(If you missed Part 1, you can find it HERE.)
3. The Process
- Research--This could be as simple as sitting at the park listening to people talk, or as complex as taking a class on physics to make sure you "get it".
- Write the book (pantsing/plotting/mix)--We had a great discussion on these terms and the various levels a person can be of each. I, myself, started out straight pantser, but have now learned to plot to a certain level. Plotting makes my writing happen faster, pantsing keeps the mystery alive for me so that I want to continue.
- Let it sit--crucial step in the process, and perhaps a hard one to learn.
- The BIG Picture--Read through looking for flow and plot holes, character consistency and believability.
- Revise--Cut and add scenes as needed to make the story make sense and move smoothly from each plot point.
- Let it sit
- Zooming In--Look at each chapter and scene individually.
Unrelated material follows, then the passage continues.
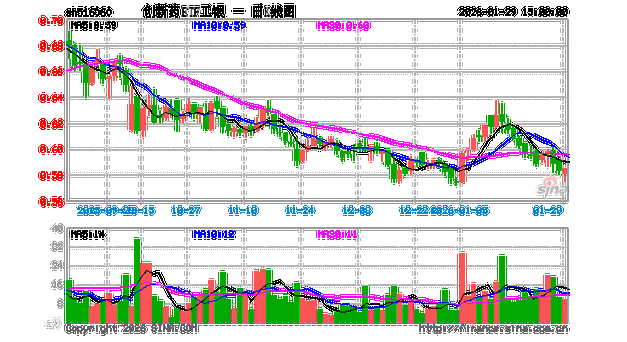 工银医药健康股票基金表现如何？-第2张图片-华宇铭诚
Do they have a purpose? Do they move the story forward or increase the tension? (conflict vs. action)
- Revise Again--This is a good time to find critique partners and beta readers, see below.
- Let it sit, send to a reader for comments.
- Revise as needed for the following: passive voice, believable dialogue, excessive adj/adv usage, show vs tell. In the beginning I did each of these in a separate revising session, but now I'm automatically checking for these things from the beginning. Doesn't mean I catch all of them, but I'm more aware now that I have a few years under my belt.
- Write a Query and send it out, catch and agent/publisher and start selling books!
4. Critique Partners/Beta Readers (What are they and why do I need them?)
5. Platform (Putting on Your Social Face)
Blogs, twitter, facebook, google+, etc…
There wasn't a lot I needed to tell teenagers about this. :) My only suggestion to them was to remember that everything they put on the internet is there for the whole world to see. I also suggested that while they tried to think/act/speak more professionally, they needed to be themselves. You can only be something you're not for a short time. And no one likes a fake.
That's my Top 5 Things I wish I had known before becoming a writer.